The request would be like:

GET /myAPP/webapi/myapi?user=some%40email.com&pass=jsjjsd&url=https%3A%2F%2Flogin.salesforce.com%2Fservices%2FSoap%2Fu%2F37.0 HTTP/1.1
Host: localhost:8080
Accept: application/json

Please mind the parameter values are URL encoded. For further reference, check this answer.

What you should do

When sending sensitive data over the wire, the use of HTTPS is highly advisable. HTTPS will protect you against the man-in-the-middle attack. For a Certification Authority, you may consider Let's Encrypt. It claims to be free, automated, and open.

Instead of sending those parameters in the URL, you should send them in the request payload using POST. The request payload could be a JSON, for example. Once you are using JAX-RS, you can use a JSON provider such as Jackson.

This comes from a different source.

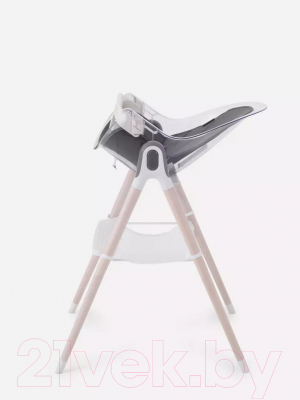 Стульчик для кормления MOWbaby Fusion / RH511 (Moon Grey)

To do it, define a bean like the following:

public class Credentials implements Serializable {

    private String user;
    private String pass;
    private String url;

    // Getters and setters omitted
}

And consume it in your resource method:

@Path("/myapi")
public class MyResource() {

    @POST
    @Consumer(MediaType.APPLICATION_JSON)
    @Produces(MediaType.APPLICATION_JSON)
    public String foo(Credentials credentials) {
        ...
    }
}

The request would be like:

POST /myAPP/webapi/myapi HTTP/1.1
Host: localhost:8080
Content-Type: application/json
Accept: application/json

{
  "user": "some@email.com",
  "pass": "jsjjsd",
  "url": "https://login.salesforce.com/services/Soap/u/37.0"
}

Answer 2

It's incorrect your url. In your method you are defining pathParams but your url have queryParams.

Change the your url or method.

The main error is your implementation. It's a terrible security practice send credential via URL in plain text. Consider use any encryption for password and manage token for your application. The URL to login would be manage by the backend. Consider use a POST method.

Look this. Best practice for REST token-based authentication with JAX-RS and Jersey

Regards

Answer 3

You have to use QueryParam annotation instead.

Example :

@Path("/myapi")
public class myClass(){

    @GET
    @Produces(MediaType.APPLICATION_JSON)
    public String foo(@QueryParam("user") String user,
        @QueryParam("pass") String pass,
        @QueryParam("url") String url) {
        return "test";
    }
}